目を開けた先には、信じられない奴がいた。



だって、

だって、

……死んだと思っていたのだ。


信じたくない光景をあの時目にしていたから。


ザフトに戻ったのは、裏切ったとかそんなのじゃなかった。
ただ、道が違ってしまったのだと自分自身に言い聞かせていた。






If Story 〜PHASE 43






振れられた手は暖かくて自然と泣いていた。

泣くつもりなんてなかったのに、キラを目の前にしたら自然と涙がこぼれていた。




「ただ、そうありたかった。
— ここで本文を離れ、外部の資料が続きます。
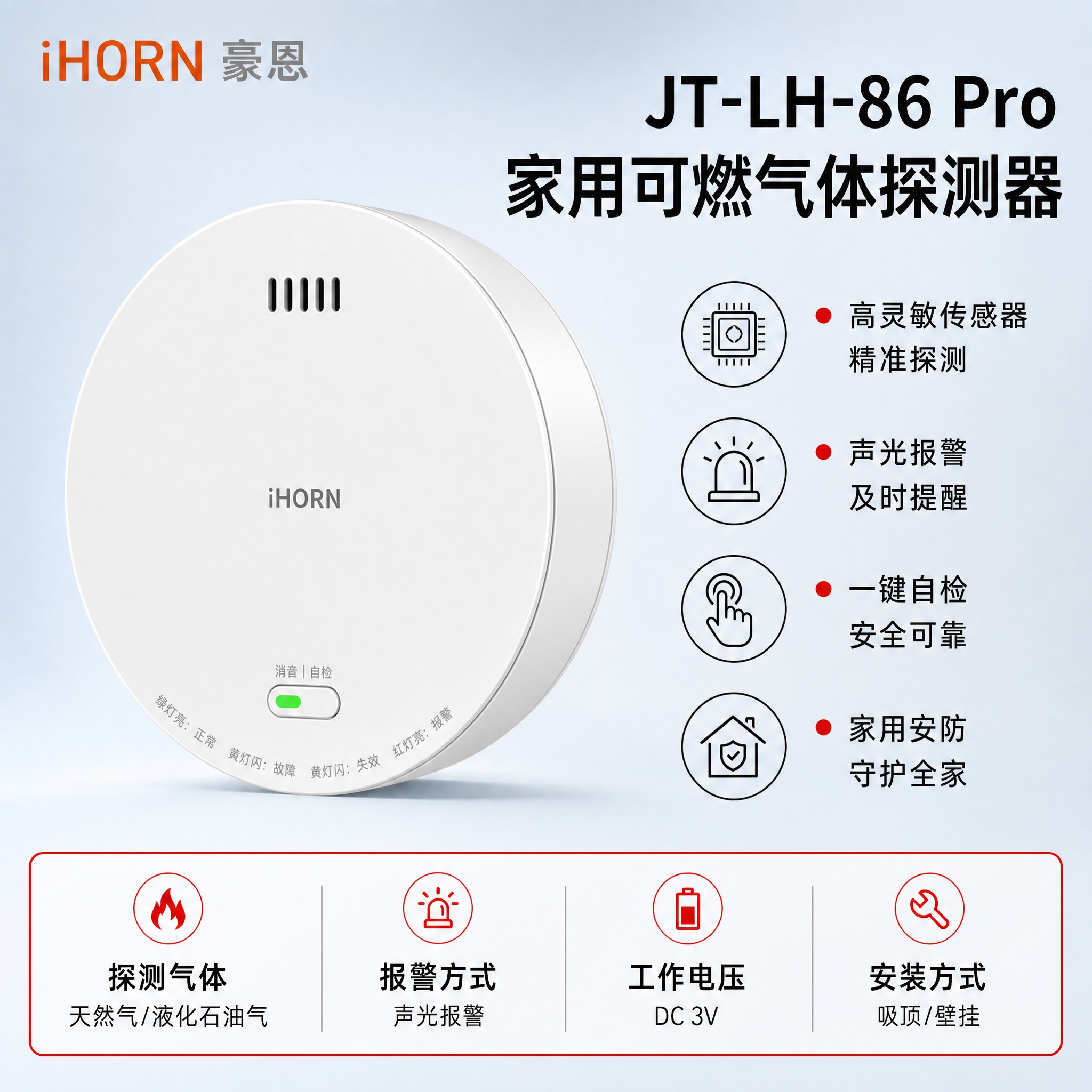 电商主图，家用可燃气体探测器产品主图，1:1正方形。 [画面主… - 图片创意预览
」

流されるだけじゃなく、自分で選んだ道を迷わずに突き進めるような──。


呟いた言葉は、キラに聞こえていたか知らない。遠のく意識の中最後に見たのはキラの微笑みだった。




















+*+-+*+





ラクスから再び“正義”を受け取ってすぐ、キラを助けるために機体を発進させた。
助けることはできた。
………逆に助けられもしたが。


怪我をおった身体では、最後まで意識を保つことができず、気がつけば医務室で再び目をさました。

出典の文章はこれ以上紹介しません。